I use the notorious wine dataset as an illustration for my method/MWE:

library(ggbiplot)
data(wine)
treatments <- 1:2 #treatments to be considerd for this calculation
wine.pca <- prcomp(wine[treatments], scale. = TRUE)
#calculate the centroids for the feature/treatment space and the pca space
df.wine.x <- as.data.frame(wine.pca$x)
df.wine.x$groups <- wine.class
wine$groups <- wine.class
feature.centroids <- aggregate(wine[treatments], list(Type = wine$groups), mean)
pca.centroids <- aggregate(df.wine.x[treatments], list(Type = df.wine.x$groups), mean)
pca.centroids
feature.centroids
#calculate distance between the centroids of barolo and grignolino
dist(rbind(feature.centroids[feature.centroids$Type == "barolo",][-1],feature.centroids[feature.centroids$Type == "grignolino",][-1]), method = "euclidean")
dist(rbind(pca.centroids[pca.centroids$Type == "barolo",][-1],pca.centroids[pca.centroids$Type == "grignolino",][-1]), method = "euclidean")

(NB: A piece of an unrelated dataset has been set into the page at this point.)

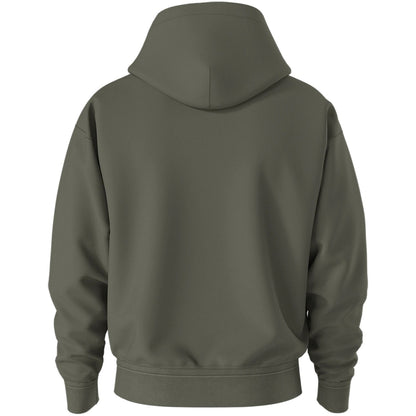 Felpe con cappuccio Uomo Napapijri - B-Braies H - Verde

The last two lines return 1.468087 for the distance in the feature-space and 1.80717 within the pca-space, indicating there's a fly in the ointment...


Solution

  • It's because of scaling and centering, if you don't do scaling and centering the distance will be exactly same in the original and PCA feature space.

    wine.pca <- prcomp(wine[treatments], scale=FALSE, center=FALSE)
    
    dist(rbind(feature.centroids[feature.centroids$Type == "barolo",][-1],feature.centroids[feature.centroids$Type == "grignolino",][-1]), method = "euclidean")
    #         1
    # 2 1.468087
    dist(rbind(pca.centroids[pca.centroids$Type == "barolo",][-1],pca.centroids[pca.centroids$Type == "grignolino",][-1]), method = "euclidean")
    #         1
    # 2 1.468087
    

    Another way is to get the same result is to scale / center the original data and then apply PCA with scaling / centering like the following:

    wine[treatments] <- scale(wine[treatments], center = TRUE)
    wine.pca <- prcomp(wine[treatments], scale = TRUE)
    
    dist(rbind(feature.centroids[feature.centroids$Type == "barolo",][-1],feature.centroids[feature.centroids$Type == "grignolino",][-1]), method = "euclidean")
    #        1
    # 2 1.80717
    dist(rbind(pca.centroids[pca.centroids$Type == "barolo",][-1],pca.centroids[pca.centroids$Type == "grignolino",][-1]), method = "euclidean")
    #        1
    # 2 1.80717